ハイドンの交響曲については80年代にベルリンフィルを振ったロンドンセットやパリセット(独グラモフォン)や、その少し前のEMIの交響曲集、そしてウィーンフィルとのロンドンなど数曲が知られています。

今回整理の都合で、あらためてちょこちょこ聴き直してみました。
上に紹介したアルバムは、ハイドンをいろんな演奏で聞き込んできた立場でいうと、非常に個性的な、特殊な演奏というのが正直なところ。重厚長大な曲想、うなる低音弦、意外と強弱の幅は大きくなくレガートを多用した、まさに磨き抜かれたカラヤン風という趣。
演奏の根底にあるのはハイドンの曲想をどう表現しようかということではなく、ハイドンの楽譜をどうカラヤン風の音響で表現しようかということでしょう。

最近、ホグウッドやアダム・フィッシャーのロンドンの実演を聴いて、ハイドンの曲に対する私の見方も少し変わりました。
ハイドンの曲には、仕えてきたエステルハージ家の人々に音楽の喜びをどう伝えようとか、評価してくれるロンドンの聴衆へ最高の作品を届けるために、持てるアイデアをふんだんに練り込んだり、創意の限りを尽くすといったメッセージが込められています。
それゆえ、演奏ではそのメッセージがどれだけ感じられるかがポイントとなるわけです。

先のカラヤンの演奏からは残念ながらハイドンのそういった魅力が感じられないというのが正直なところでしょう。最近はカラヤンよりも、フィッシャーとハイドンフィルのような素朴な演奏の方がハイドンのこうした魅力がより伝わってくるように感じます。
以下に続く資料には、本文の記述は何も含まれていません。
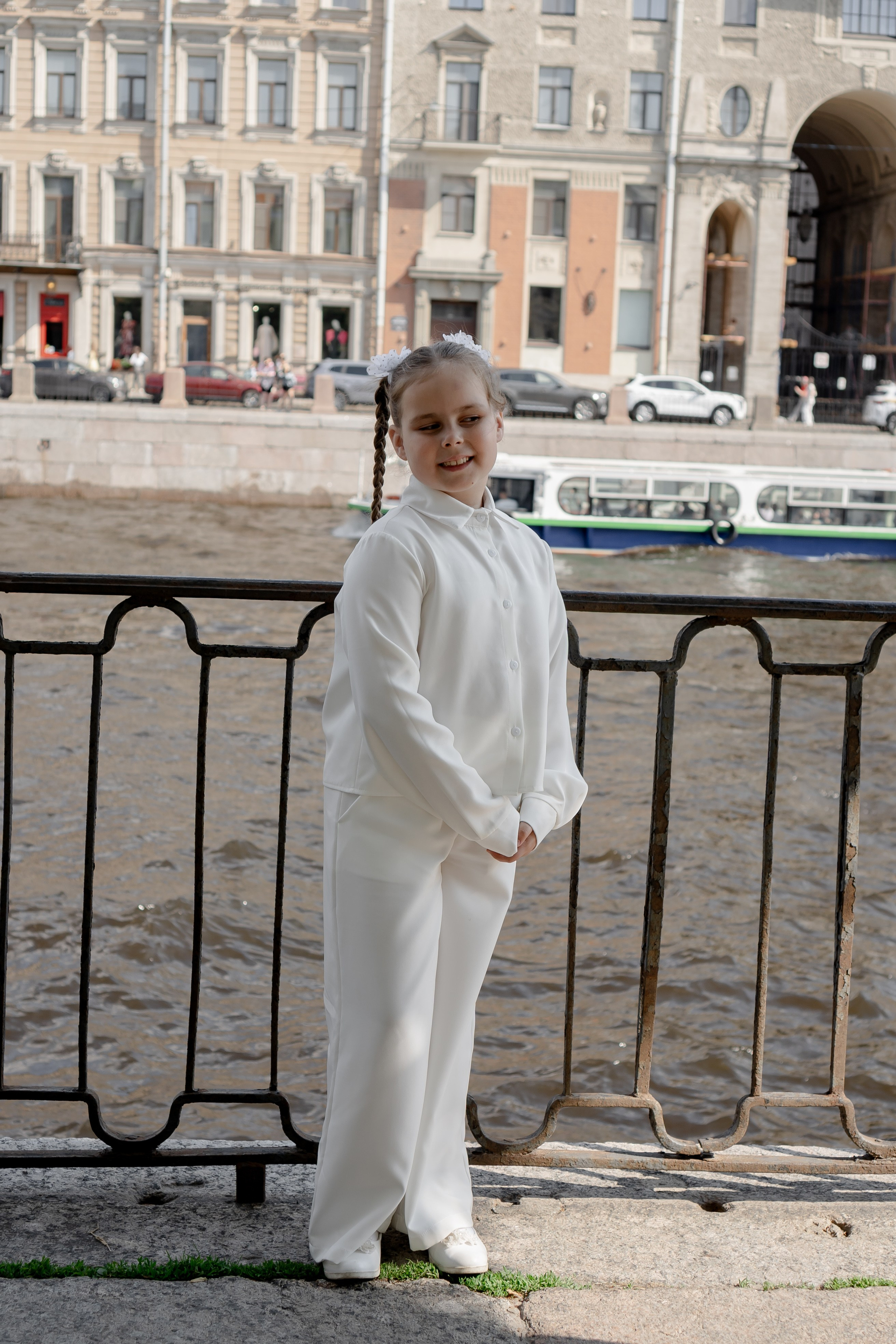 СВАДЕБНЫЙ РЕПОРТАЖ. Профессиональный фотограф, Санкт-Петербург — Виктория Богомолова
ということで、ハイドンの交響曲の入門というセレクトをするなら、カラヤン盤はおすすめしません。
カラヤン盤は、ハイドンをよく聞き込んだマニアに、「こんな演奏もあるのだ」とうなっていただくべきアルバムであります。


と、これではカラヤンにスポットライトを当てたことにならないので、カラヤンのハイドンのおすすめ盤を紹介しておきます。
こちらは、入門者にもマニアにも広くすすめられる名盤です。天地創造の旧盤。カラヤンのハイドンの中ではお気に入りの一枚です。